More than a decade has passed. Technology has evolved, narratives have shifted, bubbles have come and gone—but the concept of Real-World Assets (RWA) has never truly left the stage. It’s been a persistent undercurrent, flickering in and out of Web3’s grand narrative built on speculation and imagination. Sometimes dressed up as NFTs, sometimes revived through STOs under the banner of regulatory compliance, and at other times directly linked to bonds or real estate, RWAs have become a way for institutions to cautiously dip their toes into onchain waters.

Now that the market is once again spotlighting RWA, we’re compelled to revisit a question that’s long been asked but rarely answered with clarity: Is RWA truly the bridge between Web2 and Web3? And along its winding journey through the blockchain world—what real, review-worthy traces has it left behind?

Part 1: Early Phantoms — Colored Coins and the Original Sin of Asset Fantasies

In 2012, the term "Colored Coins" was first introduced in the Bitcoin community. The idea was simple: by “coloring” a unit of bitcoin—essentially tagging it—it could represent a real-world asset, such as a house, a corporate bond, or even a piece of artwork. This act of "coloring" became one of the earliest known attempts at asset tokenization, and is widely regarded as the conceptual prototype of Real-World Assets (RWA) on the blockchain.

But the dream was quickly broken by reality.

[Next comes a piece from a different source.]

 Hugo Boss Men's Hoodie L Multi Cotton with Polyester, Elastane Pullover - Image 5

Bitcoin's scripting language was never meant for complex logic. The Colored Coins method relied on extremely limited metadata fields (such as OP_RETURN), making it hard to verify, impossible to compose, and ultimately incapable of supporting essential asset flows like trading or ownership transfers. More importantly, even if a piece of property was “tagged” on the chain—who would recognize that on-chain claim? Without legal backing or regulatory endorsement, Colored Coins were stuck in a trust vacuum from day one.

In 2013, Mastercoin (later rebranded as Omni Layer) attempted to systematize the Colored Coins approach by introducing its own token protocol and enabling asset issuance on Bitcoin. It supported a variety of token types, including bonds and options—making it, technically, one of the closest things to smart contracts ever built on Bitcoin. But in terms of adoption, it remained a self-contained experiment with little real-world traction.

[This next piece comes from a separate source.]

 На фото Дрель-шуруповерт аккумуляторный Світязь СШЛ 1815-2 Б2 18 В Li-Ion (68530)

Around the same time, another project called Counterparty took an even more radical approach—building a logic layer "on top of" Bitcoin to support the tokenization of game assets and digital art. Yet all these efforts ultimately struggled under the weight of Bitcoin’s limited throughput and a lack of developer tooling and community support.

Interestingly, Colored Coins sparked heated debate within the Bitcoin community. Many Bitcoin purists saw it as a misuse of the blockchain—a deviation from the true mission of peer-to-peer electronic cash. It was doubted, dismissed, and quickly forgotten.

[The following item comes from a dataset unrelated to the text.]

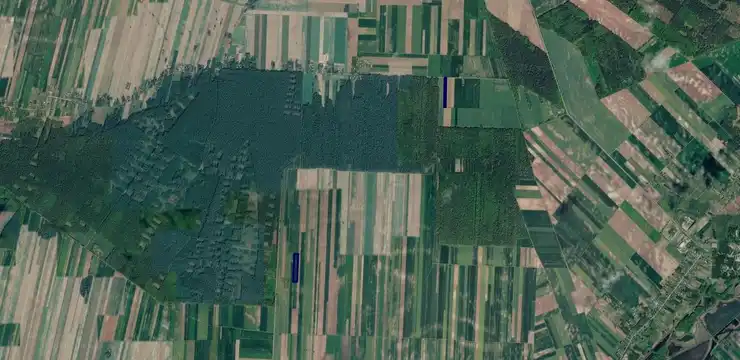 Działka na sprzedaż - LUBELSKIE, krasnostawski, Siennica Różana, 67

And yet, in hindsight, these early failures were far from meaningless. They revealed that the very idea of RWA was entangled in three core dilemmas from the beginning:

  • 1. Insufficient onchain expressiveness:

    Asset ownership is not something that can simply be “written into a ledger”; it requires a comprehensive system of verification, transfer, and governance.

  • 2. The legal vacuum in reality:

    Onchain "ownership" does not necessarily translate to offchain recognition. In the absence of legal frameworks, regulatory support, and property rights systems, tokens often fail to take effect.

  • 3. The boundary dilemma of decentralization:

    Real assets are often “stuck” offchain, held in custody by centralized institutions—creating an inherent conflict with Web3’s principles of trustlessness and autonomy.

The failure of Colored Coins was not the end of the RWA narrative, but the disillusionment it had to undergo before moving from fantasy to reality.

It didn’t trigger a boom in asset tokenization, but it left us with the most fundamental question:

What truly qualifies as a real-world asset that belongs onchain?

Part 2: Ideals Meet the Bubble — ICOs, STOs, and the First Wave of Tokenization Fallacies

In 2015, Ethereum’s mainnet went live, bringing Turing-complete smart contracts into the blockchain world for the first time. For many early tech idealists, this not only represented an upgrade in coding capabilities, but also marked the true beginning of the Web3 era. The tokenization of assets was put on the agenda—if a smart contract could represent a loan, a property, or equity, could the logic of traditional finance be replicated onchain? This was the second appearance of RWA in the Web3 world, and the first time it was seriously discussed as part of a “financial revolution.”

But soon, the market deviated from its original intention. Between 2016 and 2017, the ICO boom exploded. Thousands of projects raised funds through ERC-20 tokens, sparking a wave of speculation where “everything could be tokenized.” Many projects claimed in their whitepapers to tokenize real estate, gold, energy, and even water, but the underlying assets were either vague or non-existent. RWAs at this stage were more like “token projects under the banner of assets.” The mapping between tokens and real assets was merely narrative, without legal, custodial, or technical closure.

Some projects tried to fix this hollow state. For example, REAL in 2017 claimed to tokenize global real estate, allowing investors to receive rental income through token holdings. It sounded groundbreaking, but quickly faded due to unclear regulations, difficulties in asset verification, and an opaque operating model. REAL’s story wasn’t unique—it was one of many “asset tokenization” promises during the ICO narrative, and ultimately became part of the bubble.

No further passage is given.